Plenty of us have experienced helicopter parenting, but how many have had their dad’s film premiere hovering over their own?
First-time feature director Mary Nighy, for one. On Sept. 11, she’ll attend the Toronto Gala world premiere of her psychological thriller “Alice, Darling” just hours after her actor dad Bill Nighy’s drama “Living” has its Canadian debut that afternoon.
“He was joking that I’ve got the ‘cool’ time slot — we were laughing about that,” she says. “‘Living’ is beautiful, and I’m so proud of his work. He watched ‘Alice’ and is really excited for me. I think it will be lovely to do this together.”
But that’s where the synergy ends. Nighy’s parentage (her mom is actress Diana Quick) had nothing to do with Lionsgate financing “Alice” at the script stage. Their confidence stemmed from her early shorts, episodes of the U.K. crime dramas “Silent Witness” and “Traces” and the HBO/BBC hit drama “Industry,” plus the support of “Alice” star/exec producer Anna Kendrick.
And Nighy shot the story of a nervous woman (Kendrick) whose friends suspect she’s in an abusive relationship in just 20 days. “Once we ran to four locations in a day,” she marvels. “But there was such trust between [cinematographer] Mike McLaughlin and Anna and I that we found time to shoot scenes which weren’t scripted.”
Initially, Nighy followed in her parents’ footsteps, founding a theater festival in her London high school and making her screen acting debut as a teen in her dad’s 2003 TV movie “The Lost Prince.” “They would’ve really liked me not to enter the business. I think my mom was hoping I’d be a nuclear physicist,” she laughs. “But at home, all kinds of artists came around. It was what I lived and breathed.”

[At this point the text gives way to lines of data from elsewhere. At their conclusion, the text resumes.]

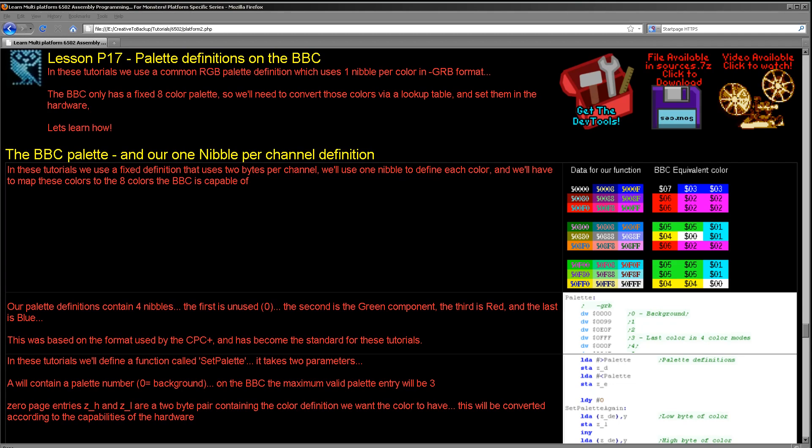Hello, it's Keith here, and this is lesson 17 of the platform specific series of my 6502 assembly programming tutorials. We're going to move on now and start looking at how we can set colors on the systems. Of course, we already know how to do bitmap graphics, but unless we set the palette for the systems, we won't know what colors our pixels are going to come out in.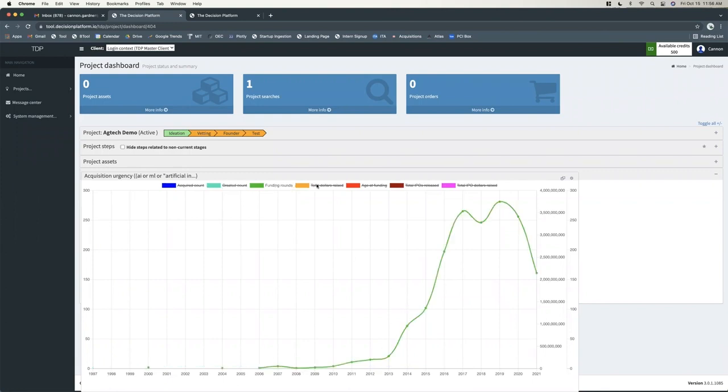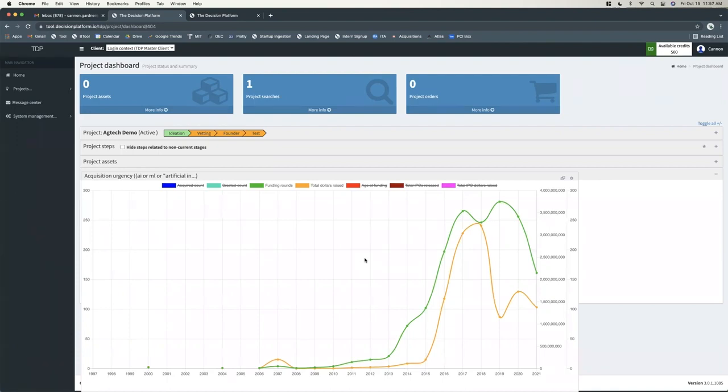We can also look at things like funding rounds versus dollars raised. This can help us understand where are we in the cycle of innovation for a specific technology. This is often cyclical, so we'll see times where there'll be high number of funding rounds with low dollar amounts, and that typically means we're in experimentation phase. There's a lot of small checks being written to a bunch of different startups to try new things.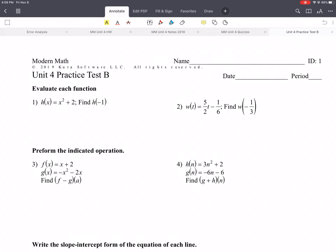Welcome. This is for the Unit 4 practice. I'm going to go over everything that's going to be on the test. This looks very similar to your review, just has different numbers.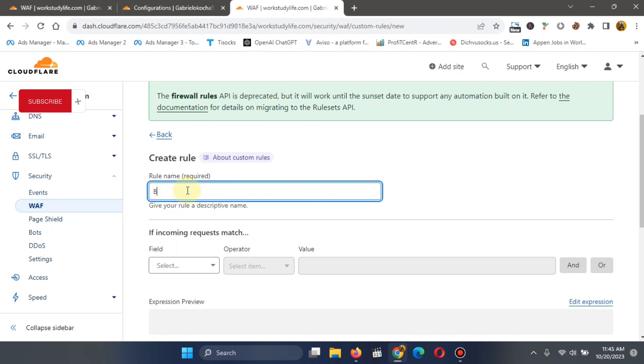Blocked countries. So that every time we see it, we will always know. Let's call it that name.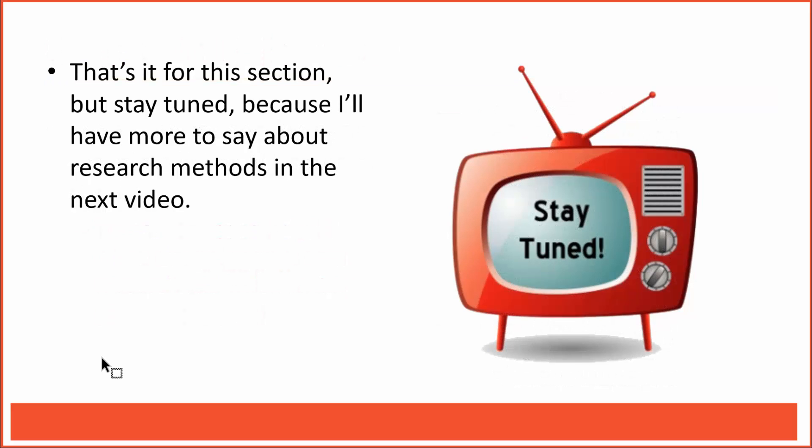Well, that's it for this section, but stay tuned, because I'll have more to say about research methods in the next video.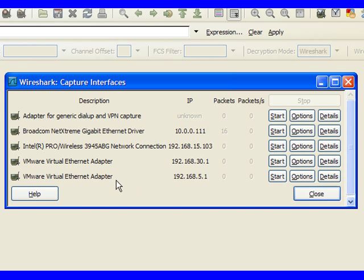Now in this case, we're seeing an adapter for dial-up and VPN capture. In future sessions, we'll talk about how we can capture VPN traffic before it's encrypted coming to and from our machine. So this is very useful if we're using a VPN tunnel to connect back into our home office.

At age 12, she watched family friend Charles Sturridge (actor Tom Sturridge’s father, who directed her mom in “Brideshead Revisited” and her dad in other projects) make a movie of their holiday and developed a fascination for directing. “I’d never seen a woman direct on set. It was only when I acted for Sofia Coppola [in 2006’s “Marie Antoinette”] that I realized it was something a woman could do. There I started writing my first short, which I made when I came home from the shoot.”
After deciding on a career change (“I never felt that comfortable as an actor. . . I didn’t love being watched”), she met with Elevation Pictures’ Christina Piovesan, who introduced her to Babe Nation Films’ Katie Bird Nolan and Lindsay Tapscott, all of whom eventually decided to make Alanna Francis’ “Alice” script. The film will be released next year. Up next, Nighy is developing an adaptation of a mother/daughter book with producer Hilary Bevan Jones and screenwriter Felix Harrison, which she hopes to helm next spring or summer.
And yes, she has talked with her parents about directing them. “I think that’s why they had me,” she quips. “I mean, what good is a child if they can’t employ you later?”